他の米主要指数は、ダウ以外でAI関連の好決算が追い風となり上昇。S&P500は+0.2%、ナスダック総合は+0.5%。CoreWeave(CRWV)は売上高が前年同期比で倍増し、Q2の営業利益率が予想を上回ったとして+18%。Super Micro Computer(SMCI)は会計年度Q1見通しを好感して+13%、Nebius(NBIS)は+16%。ダウ構成銘柄ではシスコシステムズ(CSCO)が2%強上昇したが、株価加重方式のため「株価1ドルの変動あたり指数約6ポイント」とされ、寄与度は限定的だった。相場の振れ要因は引き続きエネルギー。CPIのエネルギー項目は前月比▲1.5%(6月は▲5.7%)と低下した一方、前年同月比では約+15%と高止まり。原油はホルムズ海峡の閉鎖継続を背景に5日連続で83ドル台を維持した。EIA統計では在庫が市場予想の小幅取り崩しに反して1,740万バレル超の大幅積み増しとなったが、火曜日の通航は14隻と、10日平均の約11隻を上回った。市場の注目は木曜12:30GMTのPPI(生産者物価)へ移り、前月比+0.2%(6月▲0.3%)・前年同月比4.9%(6月5.5%)が予想され、コア前年同月比は4.2%(6月4.7%)見込み。新規失業保険申請件数は202K(前回199K)予想のほか、12:15と12:40GMTにFRB高官発言、さらに前回落札で利回りが5%超となった30年債入札も予定される。金曜12:30GMTには小売売上高(前月比+0.1%、前回+0.2%/自動車除く+0.2%、前回▲0.2%)が控え、続いて14:00GMTのミシガン大学消費者信頼感指数は54.5(前回55.2)、1年先インフレ期待は前回4.2%が材料視される。テクニカル水準としては、上値抵抗が54,000および過去最高値に近い54,750弱(現水準比で約+2%)、下値支持は53,800、次いで53,500、53,000、さらに50日指数平滑移動平均(EMA)が52,250近辺とされた。
—ダウ工業株30種平均の弱気見通し
今後数週間のデリバティブ取引では、ダウ工業株30種平均(DJIA)に対して弱気バイアスを推奨する。特に、重要水準である53,800を下回っている間はなおさらだ。7月のCPIは本日コンセンサス通りだったにもかかわらず、指数が54,000を速やかに維持できなかったことは、市場が「持ち合い」ではなく「分配局面(売り抜け)」にあることを示唆する。一見ポジティブで予想通りの経済指標を受けた上昇を主要指数が維持できない局面は、歴史的に、上昇トレンドの勢いが枯渇し、調整に入りやすいシグナルとされる。
地政学的不確実性下のエネルギーリスクと取引戦略
今後のインフレ指標を攪乱し、FRBに政策金利の据え置きを強いる可能性がある「エネルギーの脅威」を精査する必要がある。原油は、在庫が1,740万バレル増という大幅な積み増しにもかかわらず、ホルムズ海峡の閉鎖を背景に1バレル当たり83ドルを頑強に上回って推移している。同海峡は歴史的に世界の石油液体の2割超を扱う要衝であり、この地政学的圧力は、7月に見られたエネルギー項目のディスインフレが次回のインフレ報告で反転する可能性を高める。
金利先物はこの現実を織り込み直し、9月16日のFOMCでFRBが金利を据え置く確率は58%へ上昇した。歴史的に、エネルギー起因の供給ショック局面では、二次的なインフレの定着を防ぐため、中央銀行はよりタカ派寄りに傾きやすい。

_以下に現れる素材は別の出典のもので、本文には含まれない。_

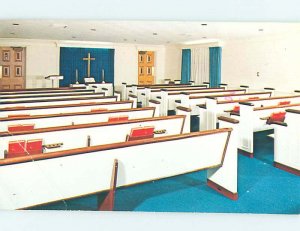 Pre-1980 CHURCH SCENE Rockford Illinois IL AD1582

デリバティブ投資家は、利下げ期待へのエクスポージャーをヘッジする形でこの変化に備えるべきであり、債券市場は既に「粘着的なインフレ」環境を織り込み始めている。
下値目標はプット(売る権利)や先物ショートを用いて、まず53,500、次いで53,000を想定する。日足終値で54,000のレジスタンスを上回った場合、この弱気シナリオは無効となるため、タイトなストップロスの設定が不可欠だ。より広範な株価指数がダウ構成外のAI銘柄によって「下支え」されている一方、株価加重のダウは相対的に脆弱で、50日移動平均線近辺の52,250に向けたより深い調整に見舞われるリスクがある。